Records provided:
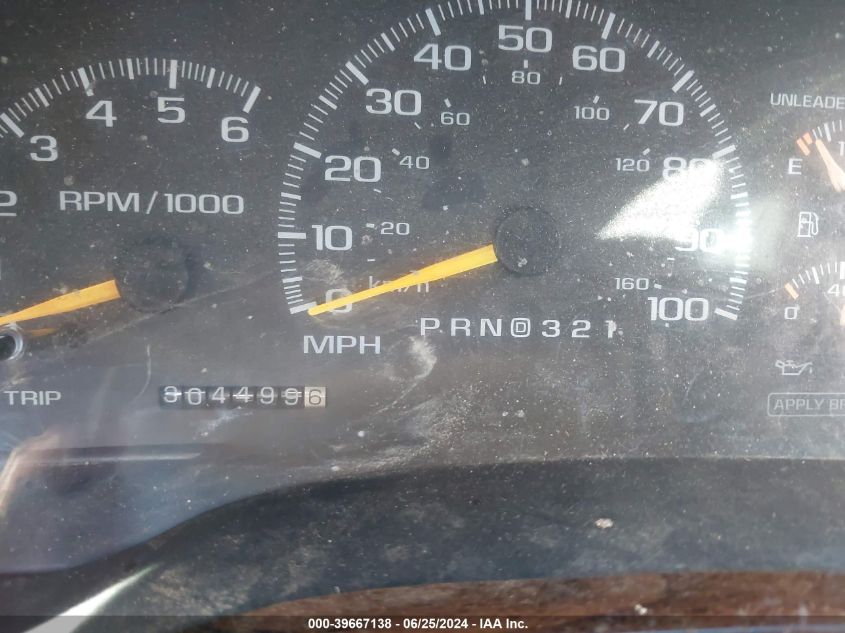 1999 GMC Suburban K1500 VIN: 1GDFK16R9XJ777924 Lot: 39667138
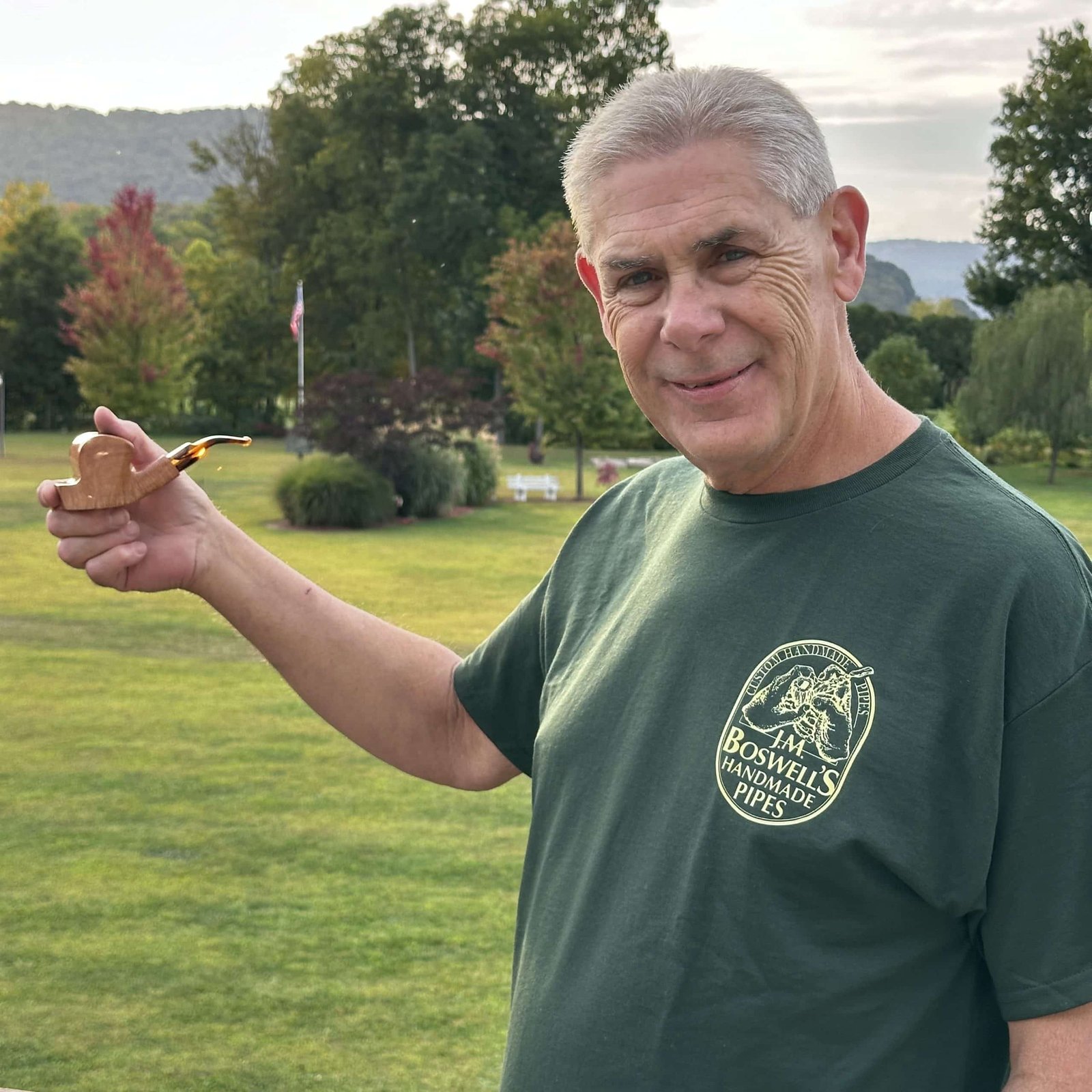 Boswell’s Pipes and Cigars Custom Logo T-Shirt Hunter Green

...

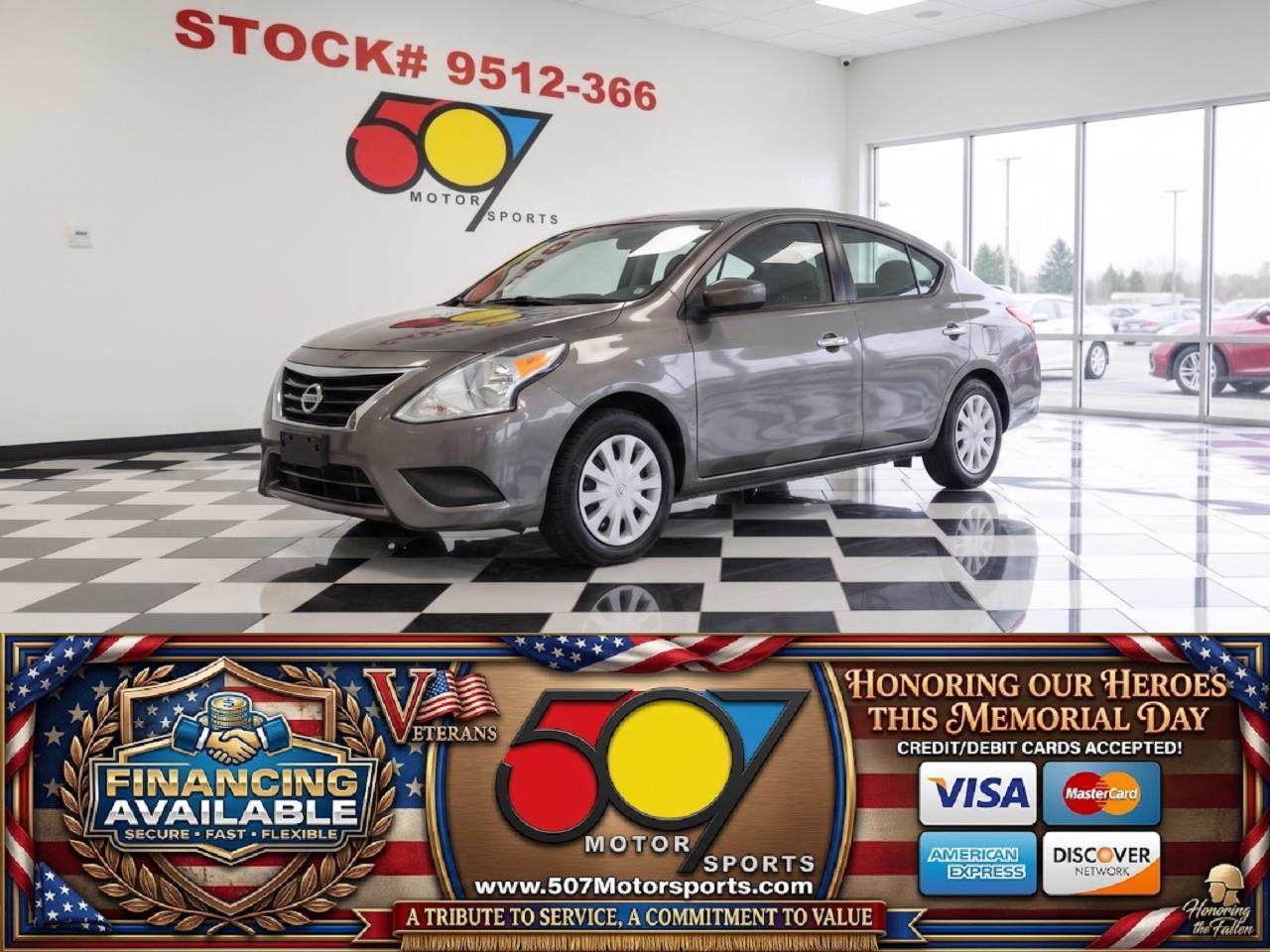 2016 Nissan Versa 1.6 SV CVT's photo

Task to carry out: Exactly reproduce the lines above, starting at the one that contains "1999 GMC Suburban" and ending at the one that contains "Boswell’s Pipes and", both inclusive; leave the pictures out and add no other lines.

Response:
 1999 GMC Suburban K1500 VIN: 1GDFK16R9XJ777924 Lot: 39667138
 Boswell’s Pipes and Cigars Custom Logo T-Shirt Hunter Green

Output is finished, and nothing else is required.